* [TASK GOAL]: Determine how many lines in the entries below hold "Steel". Respond with that number only.

● ● ●

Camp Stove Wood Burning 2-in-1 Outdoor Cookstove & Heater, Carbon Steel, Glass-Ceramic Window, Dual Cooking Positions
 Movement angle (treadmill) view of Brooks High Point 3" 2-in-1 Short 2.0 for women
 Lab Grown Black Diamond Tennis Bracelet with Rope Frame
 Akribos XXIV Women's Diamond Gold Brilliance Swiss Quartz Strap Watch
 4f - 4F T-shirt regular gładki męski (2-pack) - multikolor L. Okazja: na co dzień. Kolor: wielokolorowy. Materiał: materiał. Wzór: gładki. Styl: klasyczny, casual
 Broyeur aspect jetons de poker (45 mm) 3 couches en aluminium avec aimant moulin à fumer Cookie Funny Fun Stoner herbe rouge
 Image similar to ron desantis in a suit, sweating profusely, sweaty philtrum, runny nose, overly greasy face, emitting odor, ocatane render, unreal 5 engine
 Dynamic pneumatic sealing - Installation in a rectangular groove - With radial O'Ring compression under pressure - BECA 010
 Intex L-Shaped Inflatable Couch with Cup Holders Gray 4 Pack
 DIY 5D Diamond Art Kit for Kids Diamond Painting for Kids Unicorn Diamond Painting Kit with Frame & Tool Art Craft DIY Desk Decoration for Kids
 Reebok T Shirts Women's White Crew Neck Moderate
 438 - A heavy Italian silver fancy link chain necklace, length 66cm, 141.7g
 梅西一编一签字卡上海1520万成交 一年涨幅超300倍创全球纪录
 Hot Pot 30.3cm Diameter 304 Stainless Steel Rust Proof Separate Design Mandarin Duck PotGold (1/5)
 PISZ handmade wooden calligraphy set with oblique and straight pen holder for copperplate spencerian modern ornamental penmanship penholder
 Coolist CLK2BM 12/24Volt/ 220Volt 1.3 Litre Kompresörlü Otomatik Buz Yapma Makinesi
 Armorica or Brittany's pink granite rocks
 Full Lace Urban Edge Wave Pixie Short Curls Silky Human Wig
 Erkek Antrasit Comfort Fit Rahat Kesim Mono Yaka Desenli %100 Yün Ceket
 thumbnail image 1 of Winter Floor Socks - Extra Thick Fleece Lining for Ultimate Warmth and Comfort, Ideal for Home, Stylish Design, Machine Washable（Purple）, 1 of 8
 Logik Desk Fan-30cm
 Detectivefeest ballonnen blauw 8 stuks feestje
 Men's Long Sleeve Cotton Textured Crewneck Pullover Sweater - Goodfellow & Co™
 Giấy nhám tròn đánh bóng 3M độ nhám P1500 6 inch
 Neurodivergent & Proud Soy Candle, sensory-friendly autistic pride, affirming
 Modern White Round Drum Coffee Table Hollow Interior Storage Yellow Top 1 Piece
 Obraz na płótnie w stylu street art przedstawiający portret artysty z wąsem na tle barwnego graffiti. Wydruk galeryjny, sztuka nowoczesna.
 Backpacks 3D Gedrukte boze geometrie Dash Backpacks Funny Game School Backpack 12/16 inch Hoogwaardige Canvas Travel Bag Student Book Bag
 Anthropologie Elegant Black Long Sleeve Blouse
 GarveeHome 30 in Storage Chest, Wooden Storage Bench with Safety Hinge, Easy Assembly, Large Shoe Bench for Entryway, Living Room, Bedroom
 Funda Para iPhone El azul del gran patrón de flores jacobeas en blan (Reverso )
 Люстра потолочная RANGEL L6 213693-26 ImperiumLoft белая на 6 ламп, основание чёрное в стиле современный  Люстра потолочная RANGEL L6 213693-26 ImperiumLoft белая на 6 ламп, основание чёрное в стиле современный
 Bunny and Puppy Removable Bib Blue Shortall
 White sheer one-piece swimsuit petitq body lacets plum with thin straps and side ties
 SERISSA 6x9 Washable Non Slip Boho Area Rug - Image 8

● ● ●

* [SOLUTION TO THIS TASK]: 2